What the exercise asks -
Go to the line containing "Мойка кухонная Granula" in the records below and print it and every following line exactly, on through the line containing "Aerial overview of", then stop.

Provided records -
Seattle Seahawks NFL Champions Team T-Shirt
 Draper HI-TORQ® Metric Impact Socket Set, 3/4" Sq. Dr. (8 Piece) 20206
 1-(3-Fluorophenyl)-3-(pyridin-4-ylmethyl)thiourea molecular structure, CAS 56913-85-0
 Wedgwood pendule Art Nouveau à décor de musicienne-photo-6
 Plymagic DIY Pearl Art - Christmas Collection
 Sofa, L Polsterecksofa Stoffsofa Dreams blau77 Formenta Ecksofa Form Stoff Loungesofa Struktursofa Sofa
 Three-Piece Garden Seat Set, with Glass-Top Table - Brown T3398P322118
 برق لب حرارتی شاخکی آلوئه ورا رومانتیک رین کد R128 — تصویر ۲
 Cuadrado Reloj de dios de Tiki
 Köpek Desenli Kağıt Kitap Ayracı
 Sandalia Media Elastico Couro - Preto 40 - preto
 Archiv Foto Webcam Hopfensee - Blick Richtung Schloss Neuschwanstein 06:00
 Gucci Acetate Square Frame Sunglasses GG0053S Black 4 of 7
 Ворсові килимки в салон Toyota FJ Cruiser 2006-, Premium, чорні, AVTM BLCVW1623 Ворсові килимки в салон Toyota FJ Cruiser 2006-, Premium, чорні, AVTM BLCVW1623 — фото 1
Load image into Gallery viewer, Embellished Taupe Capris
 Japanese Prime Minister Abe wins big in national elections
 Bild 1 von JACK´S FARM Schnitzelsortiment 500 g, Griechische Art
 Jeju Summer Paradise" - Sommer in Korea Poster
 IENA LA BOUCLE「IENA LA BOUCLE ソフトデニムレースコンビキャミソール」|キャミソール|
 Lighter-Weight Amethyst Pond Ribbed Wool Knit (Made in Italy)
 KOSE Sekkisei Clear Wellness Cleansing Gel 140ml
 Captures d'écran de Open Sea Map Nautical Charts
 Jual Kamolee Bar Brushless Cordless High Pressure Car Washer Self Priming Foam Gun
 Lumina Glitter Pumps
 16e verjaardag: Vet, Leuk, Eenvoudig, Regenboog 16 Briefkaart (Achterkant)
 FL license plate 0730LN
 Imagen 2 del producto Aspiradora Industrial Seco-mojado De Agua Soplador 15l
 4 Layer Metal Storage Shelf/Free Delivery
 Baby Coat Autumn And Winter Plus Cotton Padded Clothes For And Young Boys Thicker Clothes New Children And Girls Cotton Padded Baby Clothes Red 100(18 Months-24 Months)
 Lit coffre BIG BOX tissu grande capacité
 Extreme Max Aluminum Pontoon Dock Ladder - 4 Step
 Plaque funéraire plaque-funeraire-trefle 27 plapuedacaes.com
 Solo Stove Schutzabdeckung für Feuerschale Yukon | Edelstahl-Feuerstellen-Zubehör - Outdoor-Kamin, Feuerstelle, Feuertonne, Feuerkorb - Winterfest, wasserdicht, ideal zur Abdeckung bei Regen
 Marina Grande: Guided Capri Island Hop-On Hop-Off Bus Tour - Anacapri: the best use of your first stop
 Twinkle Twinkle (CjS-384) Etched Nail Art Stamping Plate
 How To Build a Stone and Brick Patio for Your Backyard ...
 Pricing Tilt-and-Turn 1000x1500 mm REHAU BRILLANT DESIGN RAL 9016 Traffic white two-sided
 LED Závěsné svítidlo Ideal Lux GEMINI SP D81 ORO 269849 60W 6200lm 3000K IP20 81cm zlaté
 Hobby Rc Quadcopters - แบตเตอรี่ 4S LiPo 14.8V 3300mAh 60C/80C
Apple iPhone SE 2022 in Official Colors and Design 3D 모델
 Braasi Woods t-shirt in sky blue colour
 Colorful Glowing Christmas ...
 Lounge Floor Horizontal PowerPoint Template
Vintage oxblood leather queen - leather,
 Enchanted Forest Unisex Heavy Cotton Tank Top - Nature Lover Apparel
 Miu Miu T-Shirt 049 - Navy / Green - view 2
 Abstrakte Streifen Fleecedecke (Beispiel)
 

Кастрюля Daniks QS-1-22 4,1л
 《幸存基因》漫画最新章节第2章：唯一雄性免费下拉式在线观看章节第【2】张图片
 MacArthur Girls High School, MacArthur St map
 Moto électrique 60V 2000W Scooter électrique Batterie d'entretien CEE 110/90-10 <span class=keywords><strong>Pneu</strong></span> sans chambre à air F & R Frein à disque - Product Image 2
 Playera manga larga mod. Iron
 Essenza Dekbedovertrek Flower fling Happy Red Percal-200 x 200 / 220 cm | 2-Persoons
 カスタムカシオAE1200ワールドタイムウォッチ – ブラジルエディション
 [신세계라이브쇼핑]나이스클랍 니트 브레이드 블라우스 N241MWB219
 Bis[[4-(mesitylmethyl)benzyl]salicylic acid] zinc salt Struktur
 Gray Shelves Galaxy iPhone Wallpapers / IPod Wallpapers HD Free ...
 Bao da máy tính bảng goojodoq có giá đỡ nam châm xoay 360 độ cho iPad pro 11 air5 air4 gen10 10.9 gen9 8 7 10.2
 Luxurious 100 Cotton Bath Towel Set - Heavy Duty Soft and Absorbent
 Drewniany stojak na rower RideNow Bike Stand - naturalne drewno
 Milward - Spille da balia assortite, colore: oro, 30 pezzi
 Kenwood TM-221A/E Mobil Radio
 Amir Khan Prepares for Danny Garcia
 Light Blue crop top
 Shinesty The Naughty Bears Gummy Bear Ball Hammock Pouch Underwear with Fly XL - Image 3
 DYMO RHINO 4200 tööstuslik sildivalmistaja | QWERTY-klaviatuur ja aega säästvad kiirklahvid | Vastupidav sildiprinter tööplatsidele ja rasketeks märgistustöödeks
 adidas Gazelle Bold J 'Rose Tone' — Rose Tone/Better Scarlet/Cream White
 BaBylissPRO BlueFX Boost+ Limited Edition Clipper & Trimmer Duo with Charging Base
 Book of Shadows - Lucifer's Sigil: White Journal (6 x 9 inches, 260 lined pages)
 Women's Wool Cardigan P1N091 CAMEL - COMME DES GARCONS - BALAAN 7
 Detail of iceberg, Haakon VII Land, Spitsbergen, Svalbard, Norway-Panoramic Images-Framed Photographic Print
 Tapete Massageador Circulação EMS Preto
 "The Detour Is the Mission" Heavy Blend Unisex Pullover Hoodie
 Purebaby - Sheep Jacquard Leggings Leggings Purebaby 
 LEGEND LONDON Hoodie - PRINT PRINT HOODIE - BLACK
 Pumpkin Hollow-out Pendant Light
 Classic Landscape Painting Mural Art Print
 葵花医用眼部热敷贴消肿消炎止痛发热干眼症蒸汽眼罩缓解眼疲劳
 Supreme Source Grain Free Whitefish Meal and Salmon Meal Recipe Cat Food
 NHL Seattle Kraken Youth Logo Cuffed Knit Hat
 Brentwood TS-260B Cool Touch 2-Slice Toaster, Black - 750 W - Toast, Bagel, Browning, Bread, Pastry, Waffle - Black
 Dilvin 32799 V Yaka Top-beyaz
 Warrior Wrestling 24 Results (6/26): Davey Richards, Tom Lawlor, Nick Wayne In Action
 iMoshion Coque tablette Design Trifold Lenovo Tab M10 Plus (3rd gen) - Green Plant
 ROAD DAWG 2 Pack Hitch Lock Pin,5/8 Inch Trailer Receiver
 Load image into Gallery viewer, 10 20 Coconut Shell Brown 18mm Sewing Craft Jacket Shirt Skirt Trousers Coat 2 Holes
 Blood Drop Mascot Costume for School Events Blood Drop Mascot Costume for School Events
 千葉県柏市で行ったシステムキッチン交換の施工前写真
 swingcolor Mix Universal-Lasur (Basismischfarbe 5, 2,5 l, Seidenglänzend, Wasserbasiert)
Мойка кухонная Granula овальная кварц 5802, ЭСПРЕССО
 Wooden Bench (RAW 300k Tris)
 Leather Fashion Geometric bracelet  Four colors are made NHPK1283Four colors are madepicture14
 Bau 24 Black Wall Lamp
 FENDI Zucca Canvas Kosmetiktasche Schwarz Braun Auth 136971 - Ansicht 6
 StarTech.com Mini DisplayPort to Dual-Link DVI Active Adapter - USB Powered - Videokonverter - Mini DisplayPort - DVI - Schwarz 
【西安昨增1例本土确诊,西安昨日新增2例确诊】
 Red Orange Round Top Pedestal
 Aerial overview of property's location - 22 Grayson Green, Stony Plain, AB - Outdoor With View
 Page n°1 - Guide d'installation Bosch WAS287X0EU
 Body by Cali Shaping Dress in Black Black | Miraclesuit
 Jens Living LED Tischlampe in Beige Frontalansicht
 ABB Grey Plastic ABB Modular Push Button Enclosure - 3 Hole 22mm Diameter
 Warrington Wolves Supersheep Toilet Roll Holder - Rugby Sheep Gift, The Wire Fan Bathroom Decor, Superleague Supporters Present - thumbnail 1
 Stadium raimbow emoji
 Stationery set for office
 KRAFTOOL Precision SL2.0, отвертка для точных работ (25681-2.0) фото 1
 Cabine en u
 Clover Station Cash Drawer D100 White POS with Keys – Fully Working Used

Result of this exercise -
Мойка кухонная Granula овальная кварц 5802, ЭСПРЕССО
 Wooden Bench (RAW 300k Tris)
 Leather Fashion Geometric bracelet  Four colors are made NHPK1283Four colors are madepicture14
 Bau 24 Black Wall Lamp
 FENDI Zucca Canvas Kosmetiktasche Schwarz Braun Auth 136971 - Ansicht 6
 StarTech.com Mini DisplayPort to Dual-Link DVI Active Adapter - USB Powered - Videokonverter - Mini DisplayPort - DVI - Schwarz 
【西安昨增1例本土确诊,西安昨日新增2例确诊】
 Red Orange Round Top Pedestal
 Aerial overview of property's location - 22 Grayson Green, Stony Plain, AB - Outdoor With View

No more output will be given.